The regex command doesn’t have any way to know what you were intending or why you submitted arguments that didn’t match any of its regex’s. The only way we could give the message you want here would be to add “common failing input regex’s with associated error messages” to the regex command, and then try to guess common invalid inputs and add them one by one to the command.

Given that running help command is a pretty natural next step when you get a usage error for a command, I don’t think this effort is warranted.

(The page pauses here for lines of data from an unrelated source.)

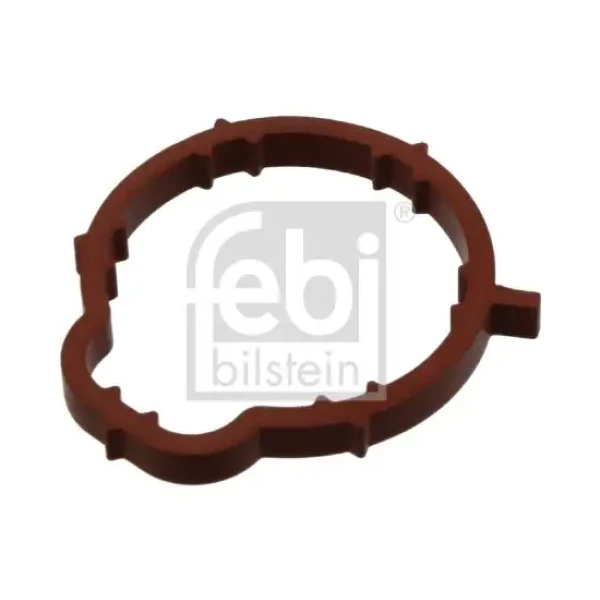 FEBI Emme Manifold Contası – 36741 / OEM A1661410080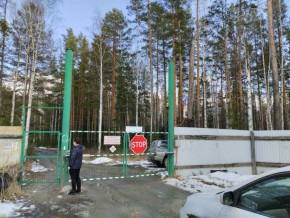 СНТ Огонек участок 3 в Новороссийске - novorossijsk.yutvil.ru - фото 26 СНТ Огонек участок 3 в Новороссийске - novorossijsk.yutvil.ru - фото 26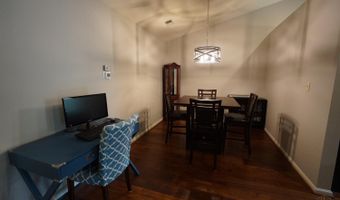183 Palisades Pt, Cincinnati, OH 45238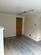 Additional image 2 of Aylesbury, HP19
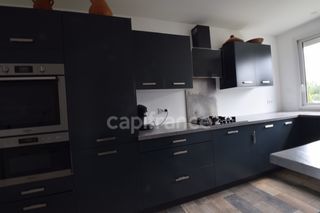  Maison � vendre 6 pi�ces 93 m�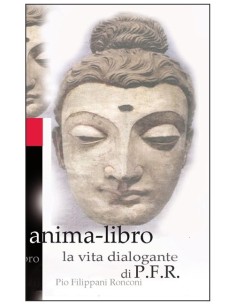 Anima-Spada, Anima-Libro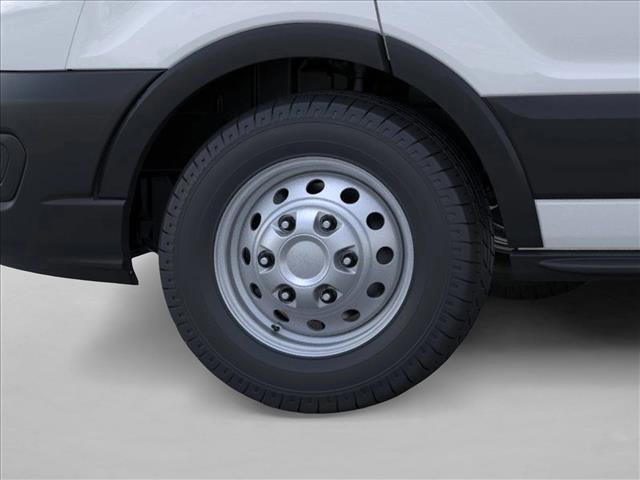 New 2026 Ford Transit 250 148 Medium Roof Extended AWD image 19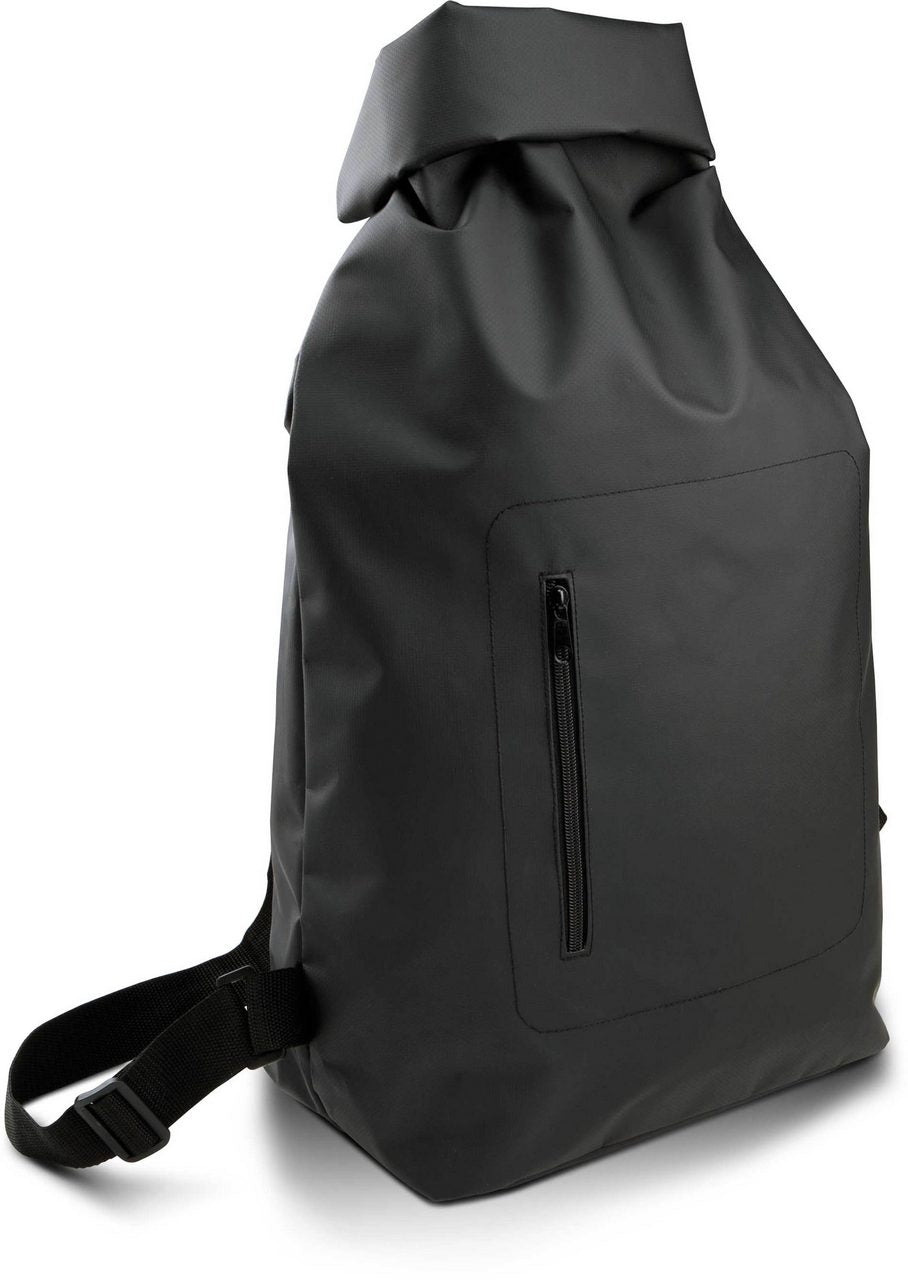 majcoteka:sku:ki0613bl-u:color:ki0613-black-a1.jpg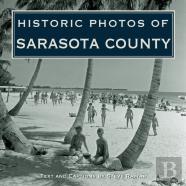 Historic Photos Of Sarasota County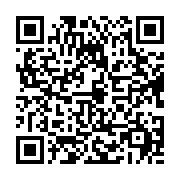 2코트 페이지 바로가기 주소(https://business.jangseong.go.kr/q/ezU1OTB8fHxtb250aD00JnllYXI9MjAzMn0=&e=M&s=3), QRCODE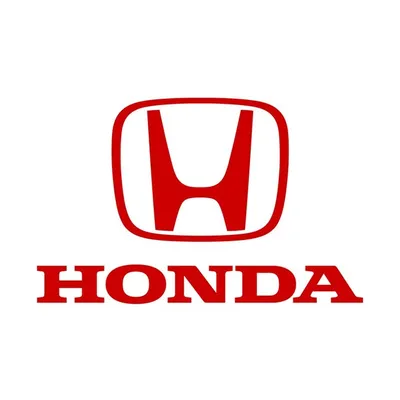 Honda Auto profile
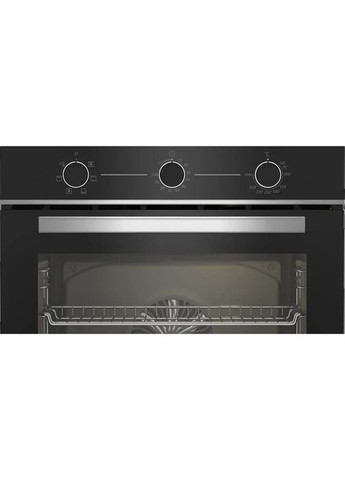 Духовка электрическая BBIE13100XC BEKO (314931555)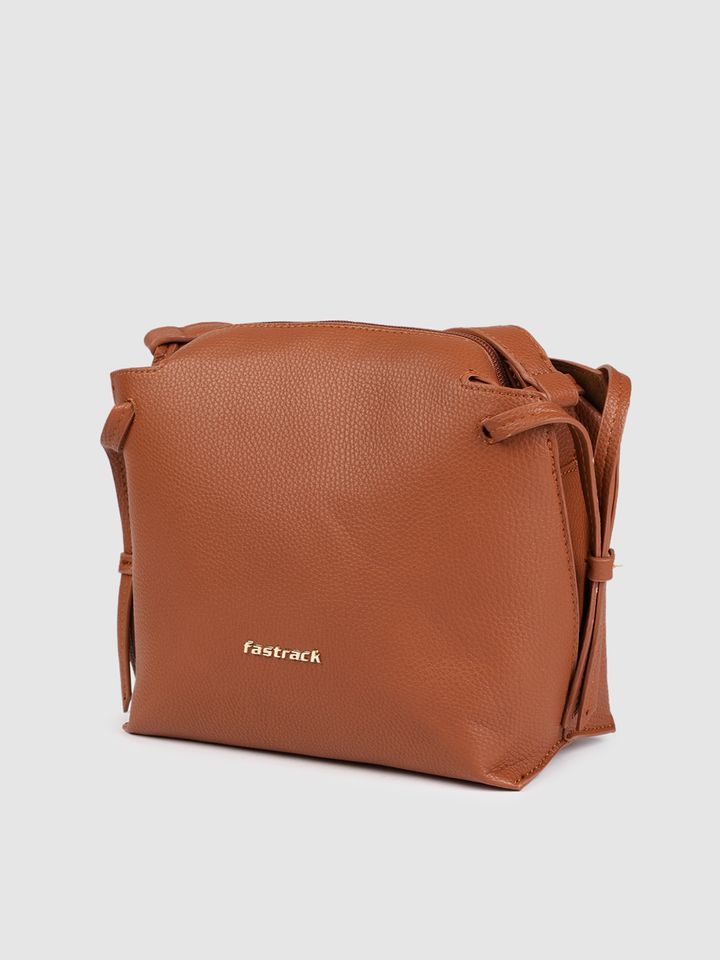 ladies hand bolsa big size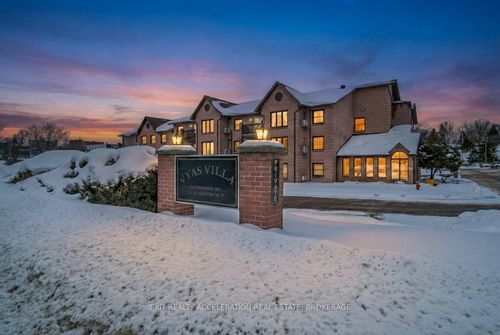 104-7 Centre St S, Napanee, ON, K7R3X3 | Card Image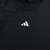 adidas Long Sleeve Shirt Men's Black Used 2XL-TOPS-131439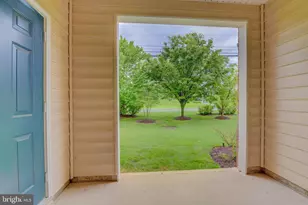 43920 Hickory Corner Terrace, Ashburn, VA 20147 - Photo 29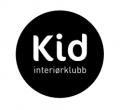Få 50% rabatt på valgfri vare i Kid Interiør sin kundeklubb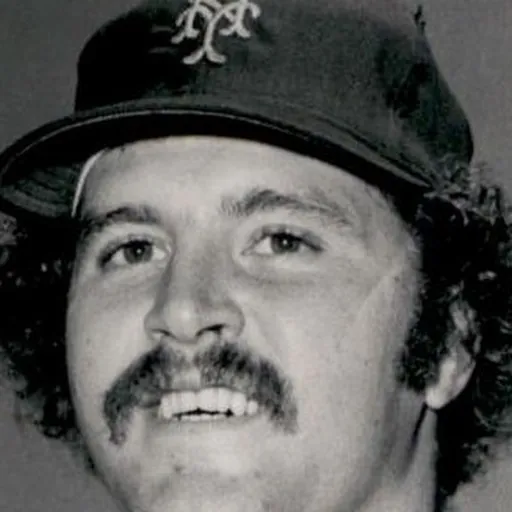 Portrait of Kevin Kobel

I think I get what you’re saying now that you mention it’s a regex (rather than just an alias).
I’m going to presume if the regex fails a match, it’ll end right there with that simple error.
Before you mentioned it was a regex, I was going with the presumption that’d just forward the parameters to the full command, which I thought could’ve been produced in the error message in the “expanded” form.

So what’s known is the required parameter of portnum, with an option for hostname: in that regex form.
So if I passed serial:///dev<...> it would’ve failed that portnum match right then and there, because the / is not a digit, and not proceeded.

Frankly, I wish I remembered how I even managed to try using the serial scheme for the alias. It likely would’ve been based off of searches. Surely anything posted would’ve shown the full-form usage. Dunno, maybe I’ll find that later…
Hmm, maybe it was Re: [lldb-dev] Serial port support in LLDB (from my history) and I just combined the elements I found in there.
Again, I knew nothing about process connect at that time and was searching for serial and gdb-remote, since gdb-remote is what I’ve been seeing in the docs, which that ML thread provided (and I see now it also has the process connect mentioned too, but again I wasn’t looking for that back then).

In any case, at least this ought to show up in searches for anyone else that may encounter this issue.
I’ll be attempting the other part of it later as I’m trying to work out a different issue (unrelated to lldb) first.